MATERIAL PROVIDED:
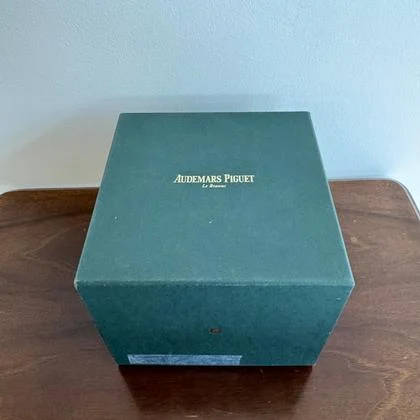 Audemars Piguet Royal Oak Dual Time Full set (incl. travel case) mint condition. - Image 9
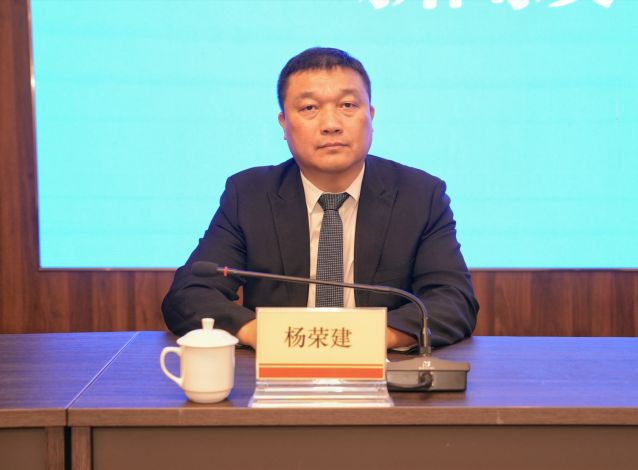 杨.jpg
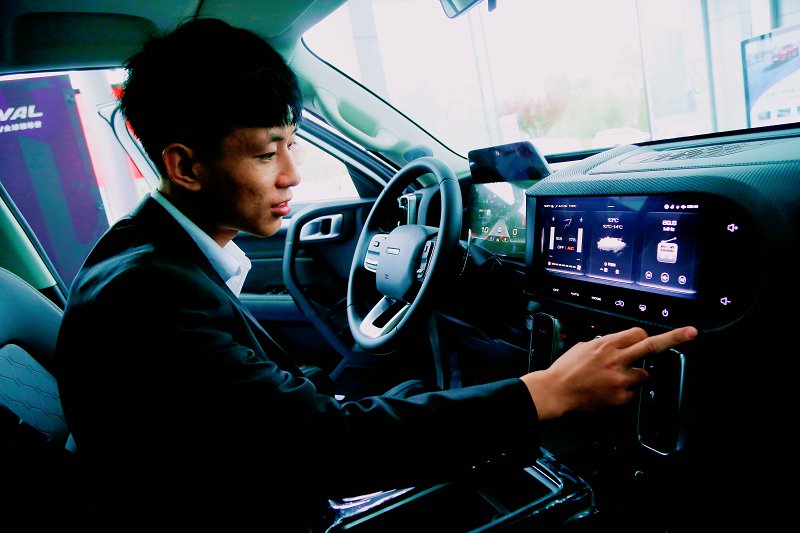 新车“哈弗大狗”震撼来袭，媒体采访团进店打卡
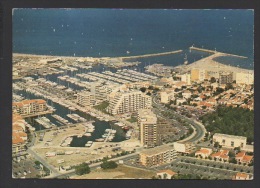 DF / 66 PYRENEES ORIENTALES / CANET EN ROUSSILLON / VUE AÉRIENNE DU PORT / CIRCULÉE EN 1988 - Canet En Roussillon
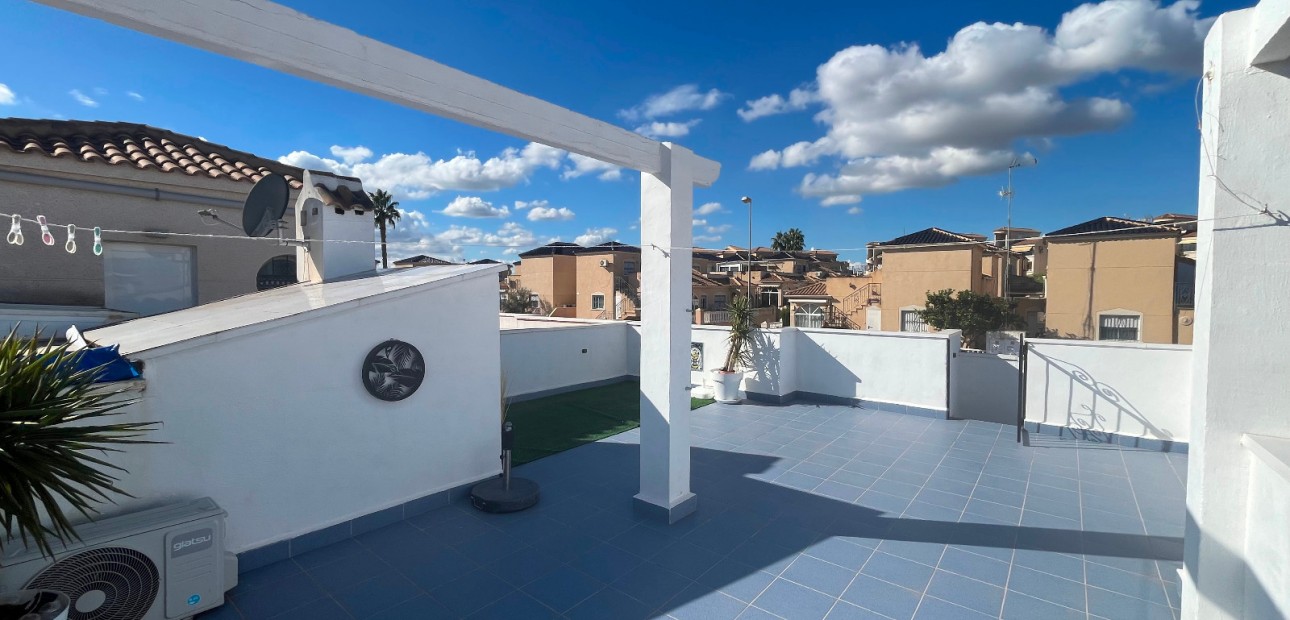 Sale - Quad Villa -
Orihuela Costa - Punta Prima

WHAT TO WORK ON:
Copy the data in full. No pictures belong in the copy.

RESULT:
 Audemars Piguet Royal Oak Dual Time Full set (incl. travel case) mint condition. - Image 9
 杨.jpg
 新车“哈弗大狗”震撼来袭，媒体采访团进店打卡
 DF / 66 PYRENEES ORIENTALES / CANET EN ROUSSILLON / VUE AÉRIENNE DU PORT / CIRCULÉE EN 1988 - Canet En Roussillon
 Sale - Quad Villa -
Orihuela Costa - Punta Prima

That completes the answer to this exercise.